* Directions for this task: Copy out, exactly as written, only the line containing "白藍狐貍出狐貍尾/狐貍縱走2796356" and the lines after it through the end of the records.

--

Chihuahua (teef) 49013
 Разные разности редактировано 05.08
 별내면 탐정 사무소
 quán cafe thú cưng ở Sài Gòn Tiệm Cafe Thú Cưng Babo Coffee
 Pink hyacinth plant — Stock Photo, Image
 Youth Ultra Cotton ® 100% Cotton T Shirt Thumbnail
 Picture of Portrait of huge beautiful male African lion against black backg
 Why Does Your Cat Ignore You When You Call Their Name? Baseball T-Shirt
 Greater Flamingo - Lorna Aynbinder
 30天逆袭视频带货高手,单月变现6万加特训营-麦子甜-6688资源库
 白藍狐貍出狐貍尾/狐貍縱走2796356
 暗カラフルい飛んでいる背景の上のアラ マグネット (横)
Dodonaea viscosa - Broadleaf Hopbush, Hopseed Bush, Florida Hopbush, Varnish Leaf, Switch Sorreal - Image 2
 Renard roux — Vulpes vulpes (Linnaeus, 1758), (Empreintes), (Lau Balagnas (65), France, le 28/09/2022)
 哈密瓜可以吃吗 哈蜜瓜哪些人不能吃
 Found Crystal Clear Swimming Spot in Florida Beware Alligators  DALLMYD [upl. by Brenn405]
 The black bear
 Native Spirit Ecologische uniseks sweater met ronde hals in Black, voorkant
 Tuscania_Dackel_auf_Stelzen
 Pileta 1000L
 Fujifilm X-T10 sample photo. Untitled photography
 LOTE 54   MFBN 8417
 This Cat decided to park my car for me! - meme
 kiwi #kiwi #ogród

--

* Your response:
 白藍狐貍出狐貍尾/狐貍縱走2796356
 暗カラフルい飛んでいる背景の上のアラ マグネット (横)
Dodonaea viscosa - Broadleaf Hopbush, Hopseed Bush, Florida Hopbush, Varnish Leaf, Switch Sorreal - Image 2
 Renard roux — Vulpes vulpes (Linnaeus, 1758), (Empreintes), (Lau Balagnas (65), France, le 28/09/2022)
 哈密瓜可以吃吗 哈蜜瓜哪些人不能吃
 Found Crystal Clear Swimming Spot in Florida Beware Alligators  DALLMYD [upl. by Brenn405]
 The black bear
 Native Spirit Ecologische uniseks sweater met ronde hals in Black, voorkant
 Tuscania_Dackel_auf_Stelzen
 Pileta 1000L
 Fujifilm X-T10 sample photo. Untitled photography
 LOTE 54   MFBN 8417
 This Cat decided to park my car for me! - meme
 kiwi #kiwi #ogród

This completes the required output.